By enhancing the powers of the Financial Monitoring Service (Financial Intelligence Unit of Georgia) to disseminate information and results of analyses upon request and without a court order to all law enforcement authorities, Georgia has addressed a significant shortcoming earlier identified. Only minor shortcomings remain regarding a lack of explicit reference to require the Financial Monitoring Service to conduct operational and strategic analysis and the scope of the money laundering definition.

The report also examines a range of legislative, regulatory, and institutional measures, such as introducing a central electronic reporting for online casinos, requiring a clean criminal record for beneficial owners of casinos, making sanctions for AML/CFT (Anti-Money Laundering and Countering the Financing of Terrorism) breaches applicable to casinos, as well introducing a broad regulatory framework for the investment fund sector. However, these measures were not sufficient to upgrade the ratings of Recommendations 22, 28 or 35, as moderate deficiencies in relation to the scope of covered designated non-financial businesses and professions and the sanctioning regimes remain.

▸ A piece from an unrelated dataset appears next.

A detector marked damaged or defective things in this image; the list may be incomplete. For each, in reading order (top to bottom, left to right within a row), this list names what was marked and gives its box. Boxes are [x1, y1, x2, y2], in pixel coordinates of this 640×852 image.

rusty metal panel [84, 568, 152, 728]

Overall, Georgia has achieved full compliance with six of the 40 FATF recommendations constituting the international AML/CFT standard and retains minor deficiencies in the implementation of 22 recommendations where it has been found “largely compliant”. Eleven recommendations remain “partially compliant” and one of them has a “non-compliant” rating (the recommendation requiring that countries review their laws and regulations to ensure that non-profit organisations cannot be abused for the financing of terrorism).

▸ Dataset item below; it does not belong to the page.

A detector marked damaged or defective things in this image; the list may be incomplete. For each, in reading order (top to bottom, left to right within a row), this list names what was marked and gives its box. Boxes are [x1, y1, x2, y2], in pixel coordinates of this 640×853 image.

Consequently, Georgia is expected to report back to MONEYVAL on further progress to strengthen its implementation of AML/CFT measures in one year’s time.

The Committee of Experts on the Evaluation of Anti-Money Laundering Measures and the Financing of Terrorism - MONEYVAL is a permanent monitoring body of the Council of Europe entrusted with the task of assessing compliance with the principal international standards to counter money laundering and the financing of terrorism and the effectiveness of their implementation, as well as with the task of making recommendations to national authorities in respect of necessary improvements to their systems.